Phillips Brooks used to tell how a number of good Episcopalians got together at the time of the great Boston fire and said the Litany. "And there was a provision in it for everything under the sun," said he, "except for a burning city." Obviously, this special Church has been sadly in need of more flexibility, and she has been gaining it lately. Intercession services are common and increasingly prized. Cannot they be more vigorously turned toward social salvation, while losing none of their fervor for missions, for parochial ends, for individual needs? Will not the numerous Guilds of Prayer develop social intercession? One such guild at least is especially pledged to pray for the reconciliation of classes, and so, whenever a great strike or labor war is in progress, hundreds of people all over the country are entreating, with what ardor God and their conscience vouchsafe, not that one side or the other may triumph necessarily, but that brotherhood may prevail.

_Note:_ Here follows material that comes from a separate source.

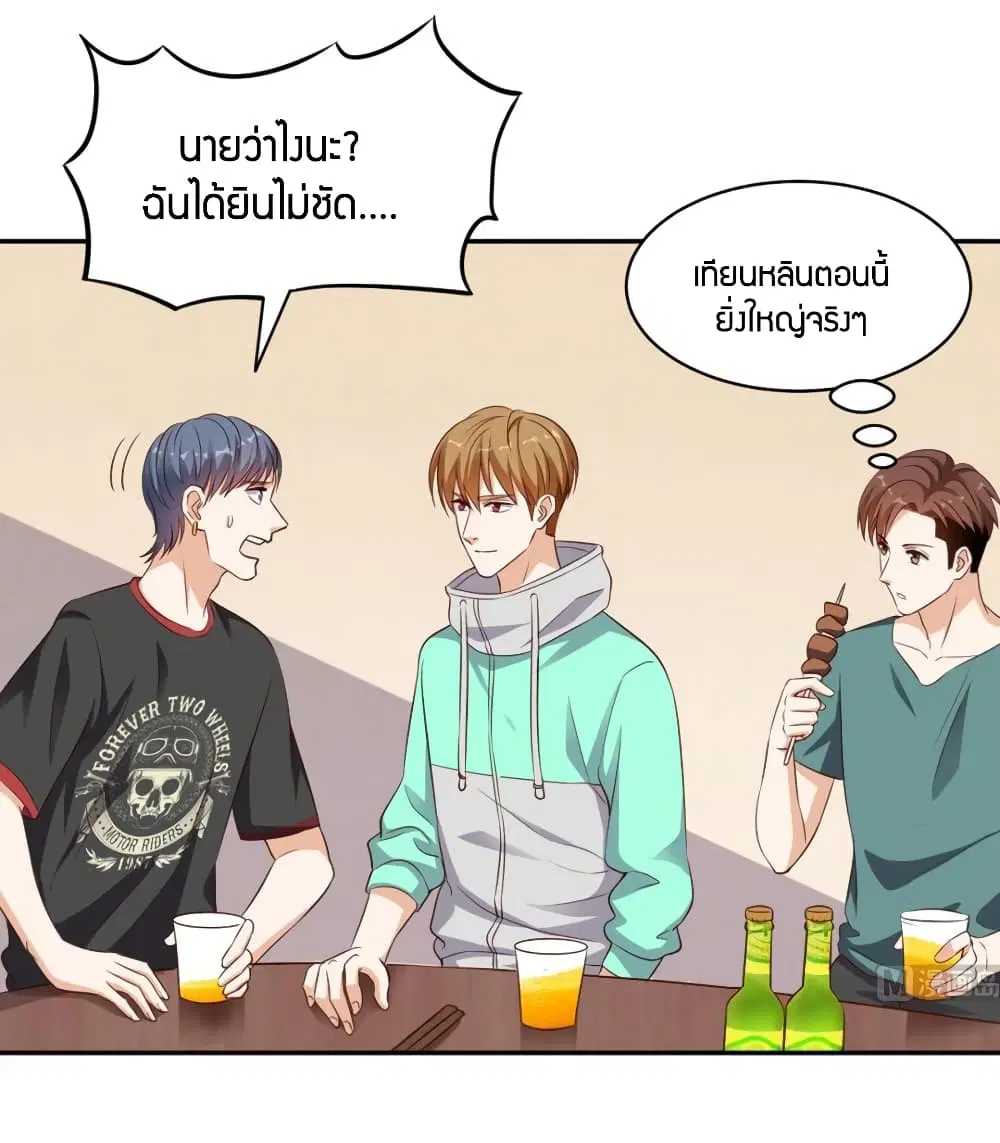 หน้า 12 จาก 32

Yet there is no need to wait for corporate action. Let every man examine his private life. Is he satisfied with the idea God gains of him from his prayers? In prayer more than in any other pursuit one must be honest; there is danger in pretending to desire what one does not really care about. But also one may grow. The world-crisis calls men faithfully and fervently to enlarge and energize their life of prayer. So the old and the new ideals of religious life will be brought into unison; so the Mystical Body of Christ will come to her own, in power to help and heal. Thank God for letting us pray! May we be worthy of the Gift and the Summons!